The stable performance of these two functions confirms the feasibility of the system architecture and lays a solid technical foundation for the subsequent development of course content.
4. Scaling and Financial Sustainability Strategy
At this stage, the project is self‑financed by the individual, using equipment and materials provided by the host Fab Lab, without external capital. Therefore, we are not rushing to develop a full business plan. Instead, we adopt a “small steps, user‑co‑creation” strategy, prioritising the following tasks:
1. Small‑scale pilot (Phase 1)
-
Collaborate with teachers from 3–5 partner schools and expert makerspace educators for real classroom trials.
-
Collect feedback to validate the effectiveness of the teaching process, and refine hardware usability and software stability.
-
Goal: develop 10 structured lessons through real‑world teaching scenarios, each focusing on a specific topic (e.g., “Understanding Motor Drivers”, “Voice Command Programming”, “Sensor Feedback Loops”). Students should be able to follow the lessons to independently complete the entire exploration from assembly to programming, ultimately gaining an intuitive understanding of AI and mechanical control.

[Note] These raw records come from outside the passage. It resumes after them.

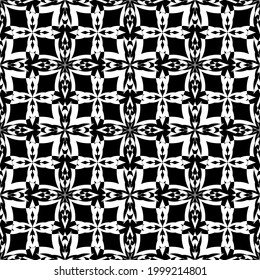 Seamless pattern in art Nouveau style.Complex geometric pattern.Mesh pattern.A pattern of fine lines.White ornament on a black background.For decorating fabric, paper, Wallpaper, and packaging.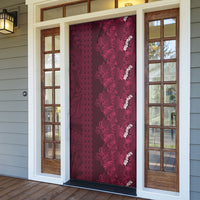 Burgundy Hibiscus Monstera Seamless Kakau Hawaii Door Cover LT14 - Polynesian Pride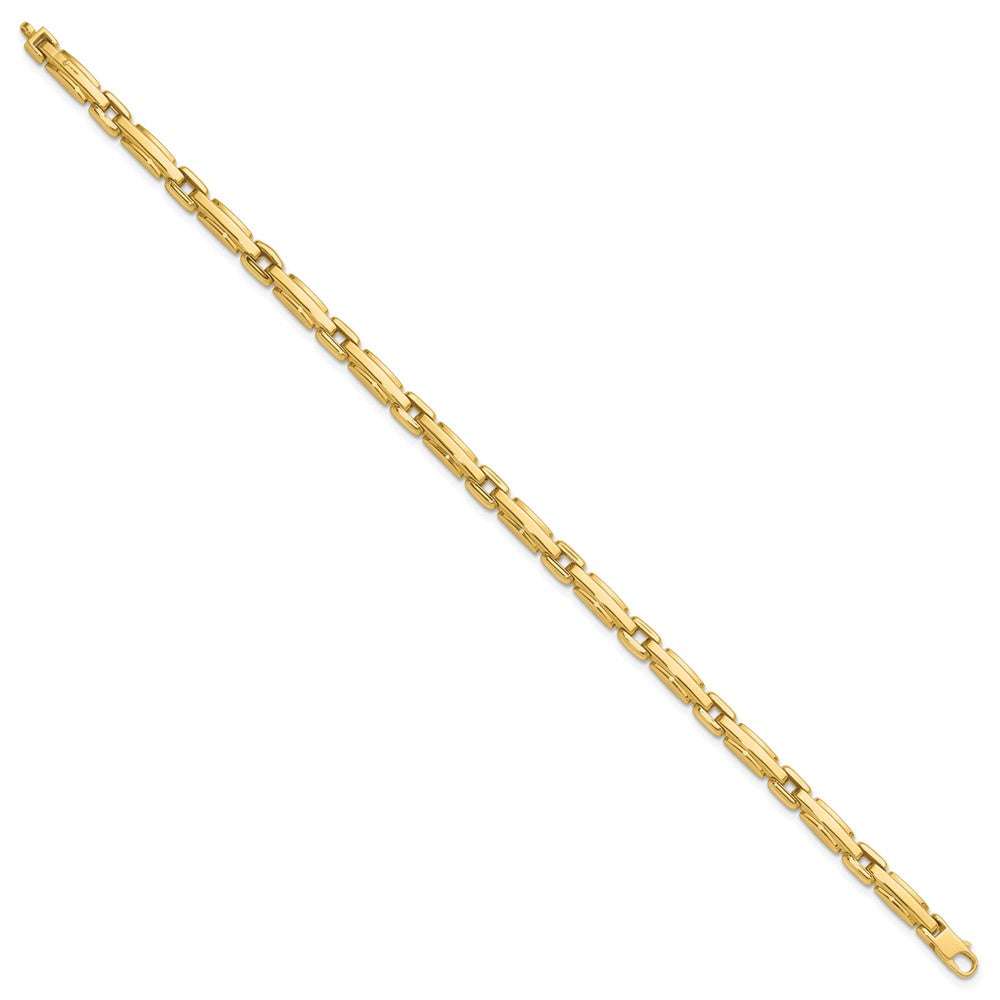 14K Polished Diamond-cut Fancy Link Reversible Bracelet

2. Manufacturing standardisation (in parallel with the pilot)
-
Complete small‑batch trial production (initially 10 complete kits), establishing standardised assembly procedures, a Bill of Materials (BOM), and testing specifications.
-
Ensure consistent quality and reproducibility for each unit, preparing for future larger‑scale production.

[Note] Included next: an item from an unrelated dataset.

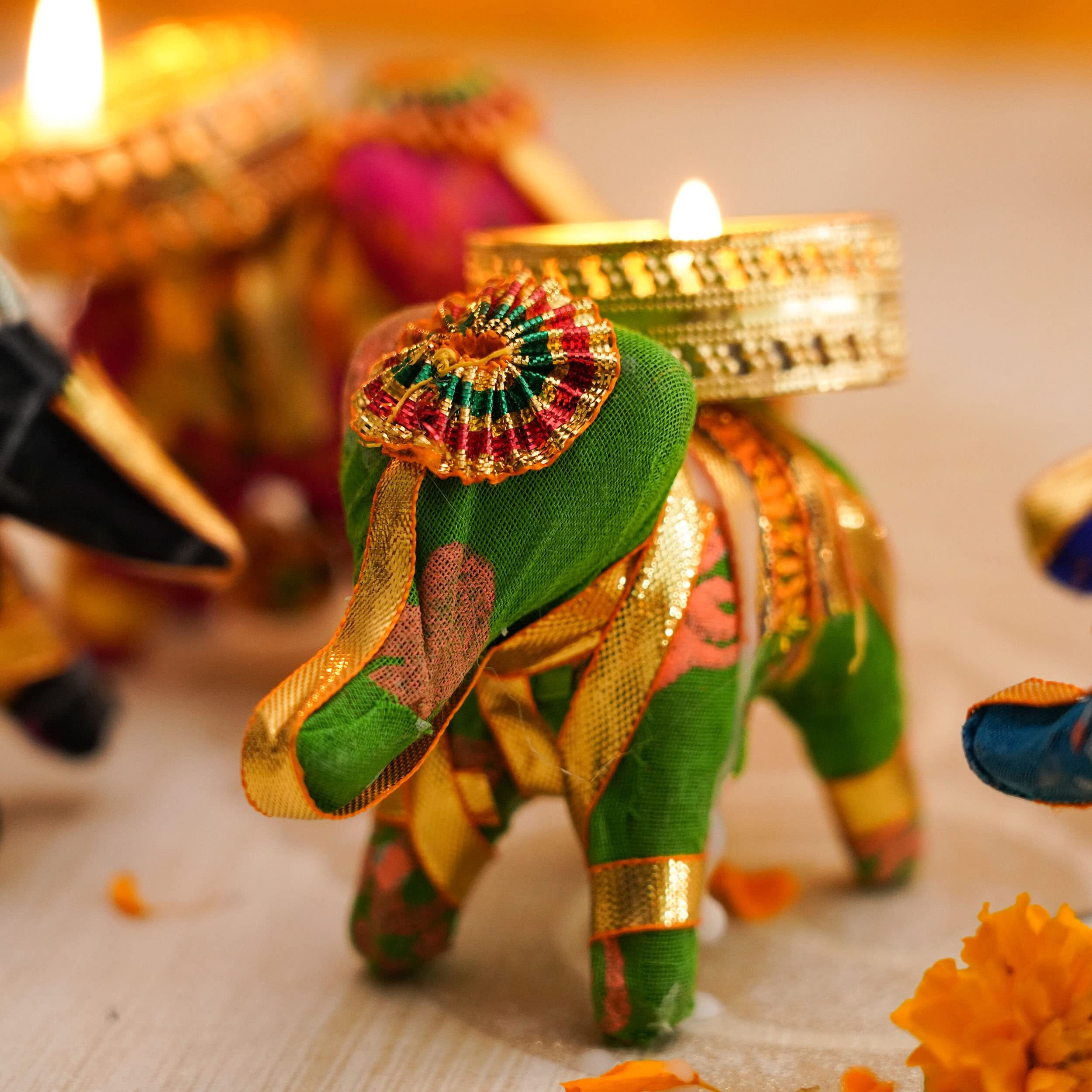 TIED RIBBONS Set of 6 Handcrafted Recycled Material Elephant Tealight Candle Holder for Diya Home Decoration (Multicolor, 8 X 5 X 10 cm) - Decoration Item for Home Decor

3. Funding pathways (medium‑term)
-
Self‑funding + grants: continue using personal resources while actively applying for small educational innovation grants (e.g., from local science and technology bureaus or education foundations).
-
Crowdfunding platforms (next stage): after the course content and product have matured, launch a campaign on platforms like Kickstarter (or domestic equivalents) to raise initial capital through pre‑sales of kits plus course packages, while simultaneously validating market demand.
4. Long‑term vision
If the pilot proves successful, we envisage a dual‑track model: an open‑source community edition (freely shared) and an institutional custom edition (offering teacher’s manuals, online training, and technical support for a fee). Revenue from custom services will sustain ongoing iteration, ensuring the project’s long‑term financial viability.
Conclusion:
From its inception, AI Horse BOOK has embraced openness, sharing, and education as its core values. By choosing permissive licenses for intellectual property and maintaining a prudent, pragmatic approach to commercialisation, we believe that through genuine user co‑creation and iterative testing, this project can truly serve as a bridge between young learners and AI, while also contributing a valuable reference to the global educational maker community.